Stored data

+-------+

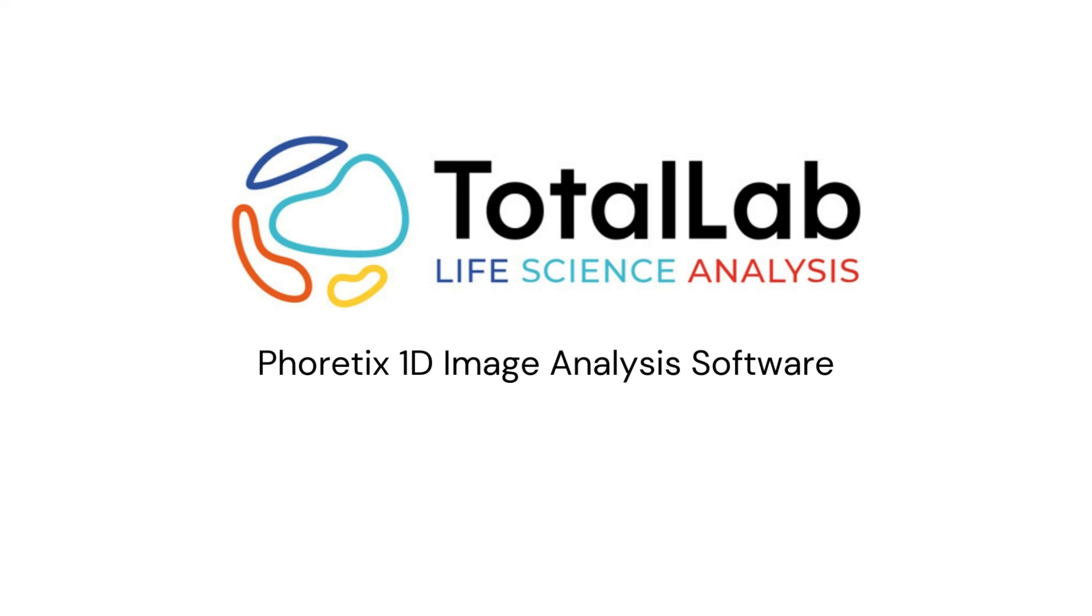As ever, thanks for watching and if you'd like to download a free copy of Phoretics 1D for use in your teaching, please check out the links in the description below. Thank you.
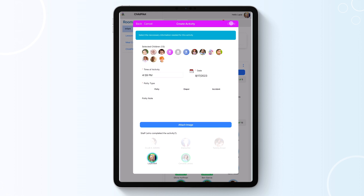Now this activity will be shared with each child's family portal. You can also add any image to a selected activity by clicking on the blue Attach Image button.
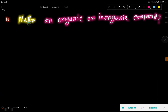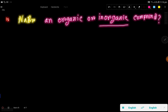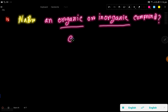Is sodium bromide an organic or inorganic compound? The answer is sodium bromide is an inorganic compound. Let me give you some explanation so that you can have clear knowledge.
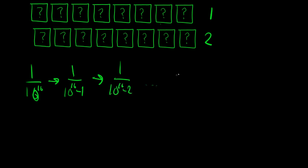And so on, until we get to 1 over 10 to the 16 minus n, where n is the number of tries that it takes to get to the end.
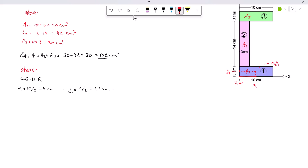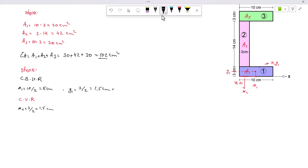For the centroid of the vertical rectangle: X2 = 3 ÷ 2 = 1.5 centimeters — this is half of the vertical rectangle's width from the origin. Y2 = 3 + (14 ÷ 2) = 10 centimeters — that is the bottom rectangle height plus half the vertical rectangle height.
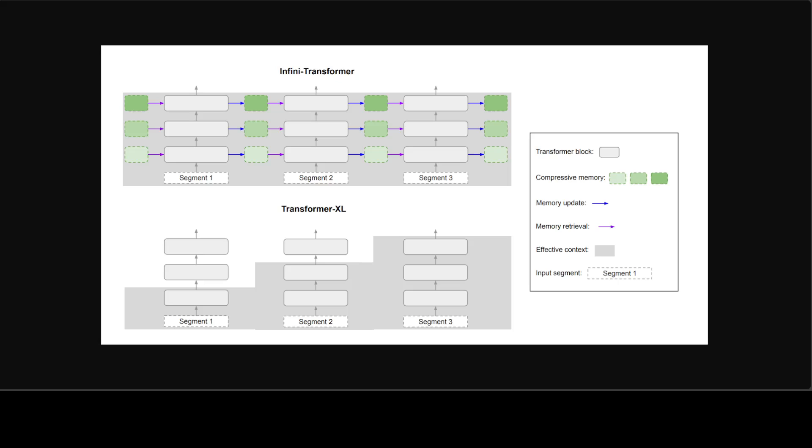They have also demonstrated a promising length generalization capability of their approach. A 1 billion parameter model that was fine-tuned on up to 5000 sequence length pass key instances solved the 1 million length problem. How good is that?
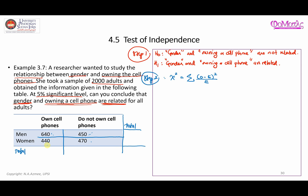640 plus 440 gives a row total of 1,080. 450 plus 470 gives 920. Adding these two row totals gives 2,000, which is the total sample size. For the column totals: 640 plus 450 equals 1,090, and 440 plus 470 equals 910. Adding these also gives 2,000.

+-------+

Please return, exactly and with pictures omitted, the lines from the line holding "They have also" through the end of the data above, inclusive.

Solved exercise
They have also demonstrated a promising length generalization capability of their approach. A 1 billion parameter model that was fine-tuned on up to 5000 sequence length pass key instances solved the 1 million length problem. How good is that?
640 plus 440 gives a row total of 1,080. 450 plus 470 gives 920. Adding these two row totals gives 2,000, which is the total sample size. For the column totals: 640 plus 450 equals 1,090, and 440 plus 470 equals 910. Adding these also gives 2,000.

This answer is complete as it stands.